HSE head may apply for post - Reilly

Fri, Mar 9, 2012, 00:00

IT WILL be open to the current head of the Health Service Executive to apply for a position within the reformed health service “if he so desires”, the Minister for Health said yesterday.

Speaking at a conference on health reform in Dublin, Dr James Reilly said HSE chief executive Cathal Magee could apply for a position when the new health directorate posts are advertised.

Mr Magee, who was appointed to his post in September 2010, still has 3½ years to run on his contract.

The restructuring of the health service was announced last year as part of an eventual move to universal health insurance.

Under the changes, seven directorates of hospital care, primary care, mental health, children and family services, social care, public health and corporate/shared services would be introduced.
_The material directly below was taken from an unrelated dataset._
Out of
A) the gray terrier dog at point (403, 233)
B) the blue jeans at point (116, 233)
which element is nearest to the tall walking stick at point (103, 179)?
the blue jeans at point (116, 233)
Seven directors will be appointed to run the directorates, one of whom will be appointed as the director general of the organisation.

The HSE board and chief executive position would eventually be scrapped.

The Minister said yesterday heads of a Bill for the legislation to set up the structures was due to come before Cabinet by the end of the month. It would determine the precise roles that each directorate would have. He said the positions would be advertised.

Asked if Mr Magee would have to reapply for his own job, Dr Reilly said no one had to apply for their own job, but “if he wants to be a director of one of the directorates, yes”.

He said the HSE would “still be in existence” and the chief executive would “still have a role”.

“He has a job; that job remains and he has a contract and that contract remains,” he said.

Dr Reilly said the directorates would provide transparency.

“We are moving to a new, much clearer, transparent organisation where we can see who is responsible for what, where we can see where the budgets go and who is making the decisions and why,” he said.

In a statement last night responding to the Minister’s comments, the HSE said the “principal and current focus is to develop a better understanding of the new operating model and how to transition towards that model”.

It said the HSE “looks forward to receiving greater clarity on this matter in the near future”.

“The transition towards the new model of health and social services delivery is a more important consideration than the roles of any individual member of the HSE senior management team or the chief executive officer,” the statement said.

Also speaking at yesterday’s conference, organised by independent think tank Tasc, the Adelaide Hospital Society and the Jesuit Centre for Faith and Justice, think tank director Dr Nat O’Connor said public health research was important in informing health policy.

“If you tell me the educational level and income of a person, we can then predict, with awful accuracy, their current health status, their likely lifelong health outcomes and their mortality,” he said.

Prof Richard Layte of the Economic and Social Research Institute said the reform of primary and community care was the most urgent change needed in Irish healthcare.

He said it was key to system-wide improvement, given the sector accounted for 56 per cent of gross HSE expenditure in 2009.